## MATERIAL FOR THE TASK
--
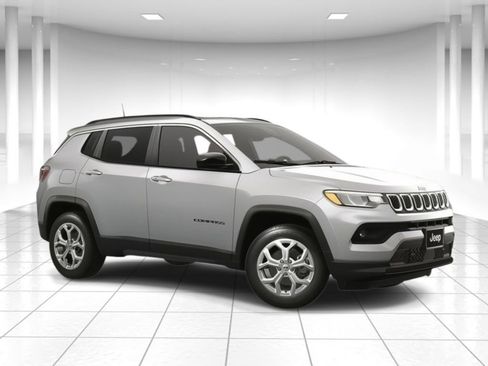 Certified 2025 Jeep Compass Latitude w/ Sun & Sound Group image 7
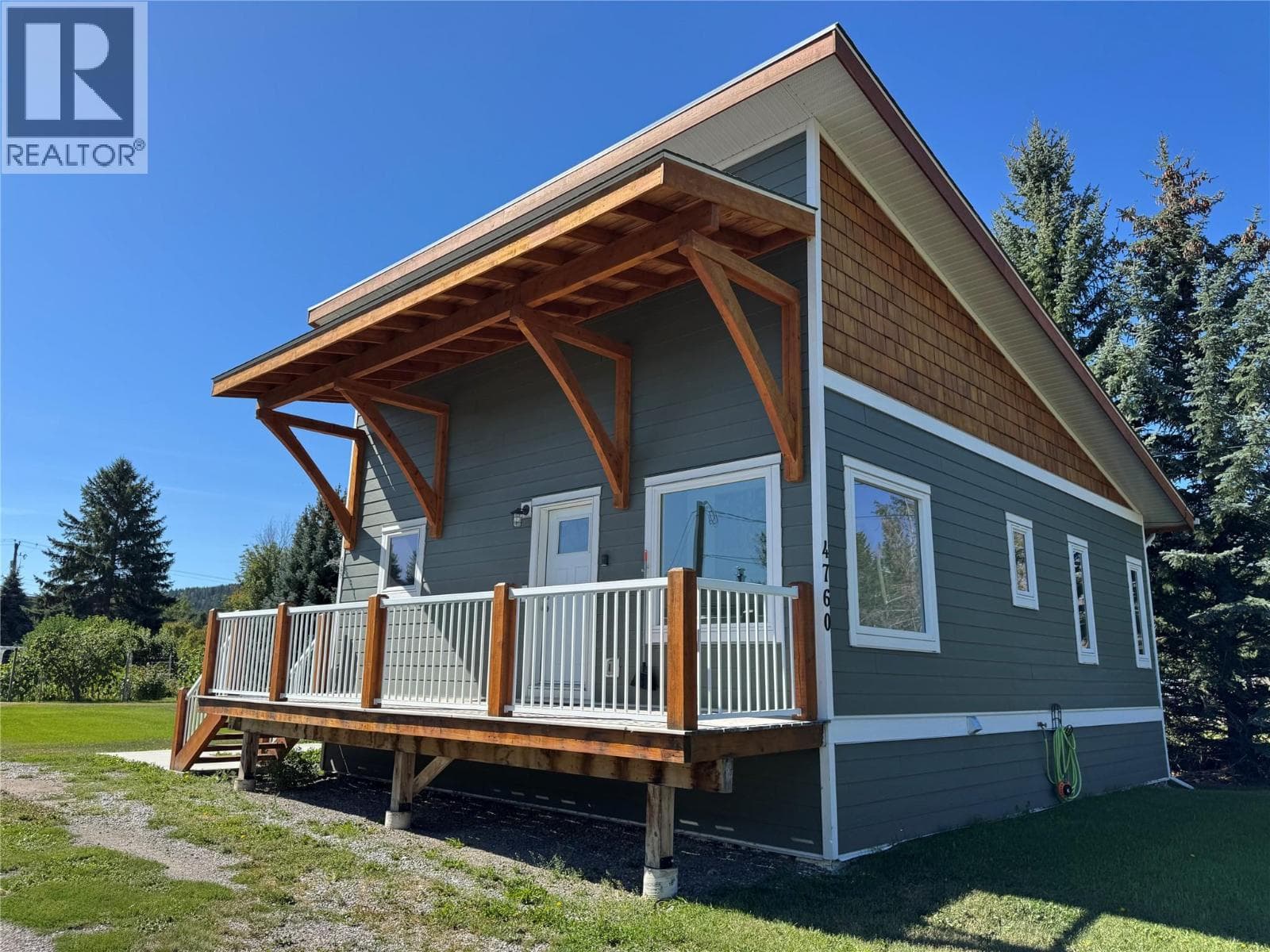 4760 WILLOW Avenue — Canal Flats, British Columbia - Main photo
--
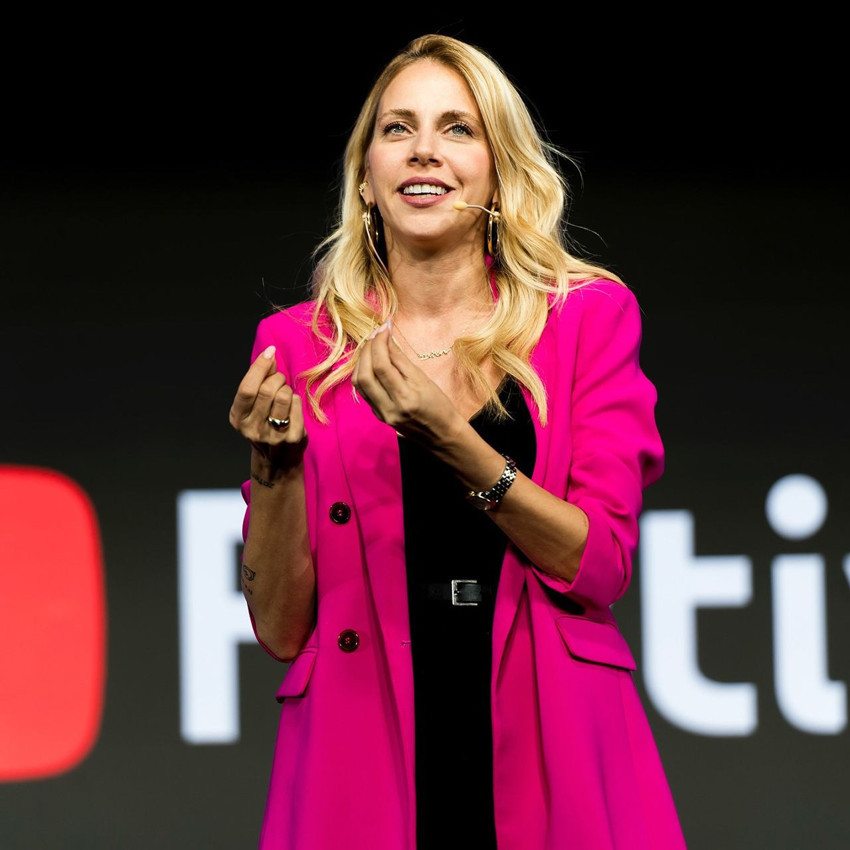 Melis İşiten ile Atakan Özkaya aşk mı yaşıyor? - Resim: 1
--
## ASSIGNED TASK
Write down exactly what the lines above say, from the line holding "Certified 2025 Jeep" through the line holding "4760 WILLOW Avenue", and nothing more. Do not copy the pictures.

## EXERCISE RESULT
 Certified 2025 Jeep Compass Latitude w/ Sun & Sound Group image 7
 4760 WILLOW Avenue — Canal Flats, British Columbia - Main photo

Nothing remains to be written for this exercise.